Courses·Advanced And Emerging·10 min read

RAPTOR (Recursive Abstractive Processing for Tree-Organized Retrieval)

RAPTOR builds a hierarchical tree index over a document corpus by recursively clustering text chunks using UMAP and Gaussian mixture models, then summarizing each cluster with an LLM -- creating a multi-resolution representation where leaf nodes are original text chunks and higher nodes are increasingly abstract summaries, enabling retrieval at any level of detail from granular facts to high-level themes.

One-Line Summary: RAPTOR builds a hierarchical tree index over a document corpus by recursively clustering text chunks using UMAP and Gaussian mixture models, then summarizing each cluster with an LLM -- creating a multi-resolution representation where leaf nodes are original text chunks and higher nodes are increasingly abstract summaries, enabling retrieval at any level of detail from granular facts to high-level themes.

Prerequisites: Understanding of standard RAG chunking and retrieval, the limitation that flat chunk-based retrieval can only answer questions at the granularity of individual chunks, basic familiarity with clustering algorithms, dimensionality reduction, and the concept of hierarchical document representations.

What Is RAPTOR?

Standard RAG systems split documents into fixed-size chunks and embed each chunk independently. This flat structure works well for questions that can be answered by a single chunk, but it fails for questions that require understanding across multiple chunks or at a higher level of abstraction.

flowchart TD
    R1["RAPTOR tree structure"]
    C2["leaf chunks clustered and summarized"]
    R1 --> C2
    C3["hierarchical nodes"]
    R1 --> C3

Consider a 50-page research paper. Standard RAG chunks it into ~100 pieces of 512 tokens each. If you ask "What specific results did the authors report in Table 3?", vector search will likely find the right chunk. But if you ask "What is the overall contribution of this paper?", no single chunk contains a complete answer. The abstract might help, but it does not capture the nuanced synthesis that comes from understanding the full paper.

RAPTOR, introduced by Sarthi, Abdullah, Tuli, Khanna, Goldie, and Manning at Stanford (2024), solves this by building a tree of summaries over the chunks. Adjacent or semantically related chunks are clustered together and summarized by an LLM. Those summaries are then clustered and summarized again, recursively, until you reach a root summary of the entire corpus (or major sections thereof). The tree preserves information at every level of granularity: leaf nodes contain specific details, intermediate nodes contain section-level summaries, and the root contains the highest-level themes.
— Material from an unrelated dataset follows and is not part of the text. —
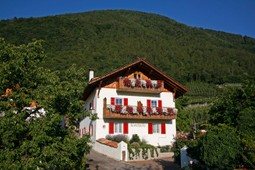 Farmhouse apartments Rochelehof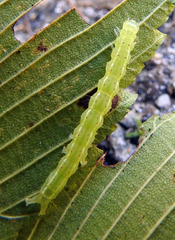 Hypena abalienalis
At retrieval time, the system searches across all levels of the tree simultaneously, returning the most relevant nodes regardless of whether they are specific chunks or abstract summaries.

How It Works

flowchart LR
    S1["Multi-level retrieval in RAPTOR"]
    S2["queries matching at different abstraction "]
    S1 --> S2

Building the RAPTOR Tree (Indexing)

Step 1: Leaf Node Creation

Documents are split into text chunks, just as in standard RAG. The paper uses chunks of approximately 100 tokens (relatively small, to ensure each chunk captures a focused unit of information). Each chunk becomes a leaf node in the tree and is embedded using a sentence embedding model (the paper uses SBERT -- Sentence-BERT).

Step 2: Clustering with UMAP + Gaussian Mixture Models (GMM)
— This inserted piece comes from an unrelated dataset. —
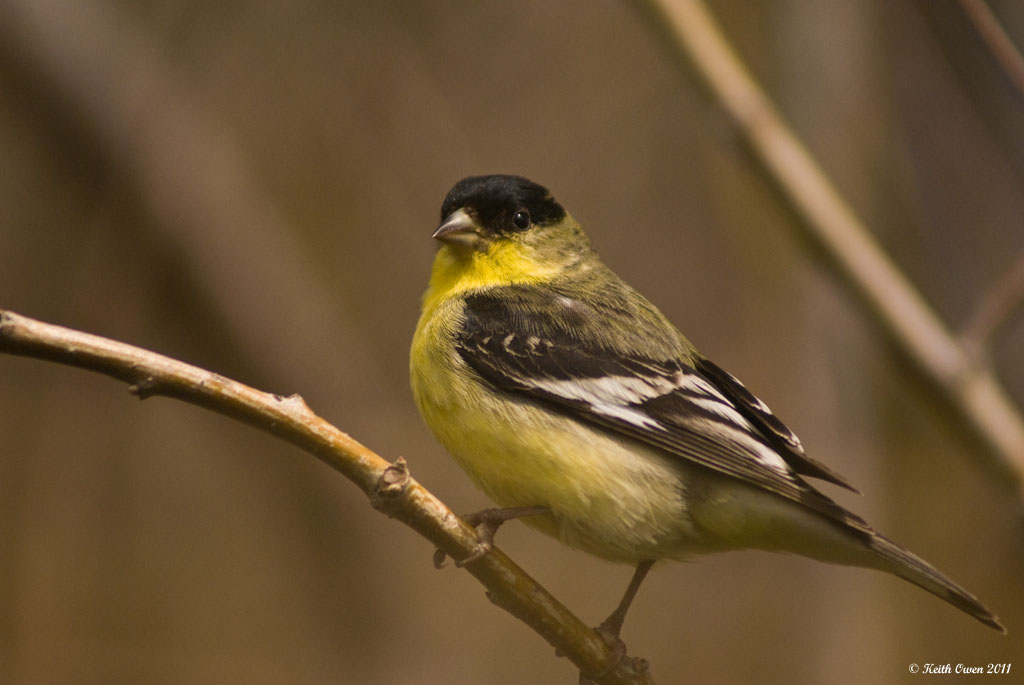Lesser Goldfinch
The leaf node embeddings are clustered using a two-step process:

UMAP dimensionality reduction: The high-dimensional embeddings (e.g., 768-dimensional) are projected to a lower-dimensional space (typically 10 dimensions) using UMAP (Uniform Manifold Approximation and Projection). UMAP preserves local and global structure better than alternatives like t-SNE and is computationally efficient. The reduced dimensionality makes clustering more reliable, avoiding the "curse of dimensionality" where distances become less meaningful in very high-dimensional spaces.
Gaussian Mixture Model (GMM) clustering: A soft-clustering GMM is fitted to the reduced-dimensional embeddings. Unlike hard clustering (like k-means, where each point belongs to exactly one cluster), GMM assigns each chunk a probability of belonging to each cluster. Chunks with high probability (above a threshold, typically 0.5) in a cluster are included in that cluster.

Why soft clustering matters: A chunk at the boundary between two topics -- say, a passage that discusses both methodology and results -- can belong to both the methodology cluster and the results cluster. This ensures that no information is lost at cluster boundaries, unlike hard clustering where each chunk is forced into a single group.

Determining the number of clusters: The optimal number of clusters is determined using the Bayesian Information Criterion (BIC). The algorithm tries different values of k and selects the one that best balances model fit with model complexity.

Step 3: Summarization

For each cluster, the text of all chunks assigned to that cluster is concatenated and sent to an LLM (the paper uses GPT-3.5 Turbo) with a prompt instructing it to generate a concise summary that captures the key information from all the included chunks. These summaries become the next level of nodes in the tree.

Step 4: Recursive Application

The summaries generated in Step 3 are themselves embedded and clustered using the same UMAP + GMM process. The resulting clusters are summarized again. This recursion continues until either:

A single root summary is produced (for smaller documents)
The remaining nodes are too few to meaningfully cluster further
A maximum depth is reached

The result is a tree where:

Level 0 (leaves): Original text chunks (~100 tokens each)
Level 1: Summaries of clusters of 3-10 related chunks (~200-500 tokens)
Level 2: Summaries of summaries (section-level abstractions)
Level N (root): High-level summary of the entire document or corpus

Typical trees have 3-5 levels, depending on corpus size.

Retrieval Strategies

RAPTOR supports two retrieval strategies:

Tree Traversal (Top-Down)

Start at the root and traverse down the tree:

Compare the query to the root-level summaries. Select the most relevant branch.
Compare the query to the children of the selected node. Select the most relevant child.
Continue until reaching the leaf level.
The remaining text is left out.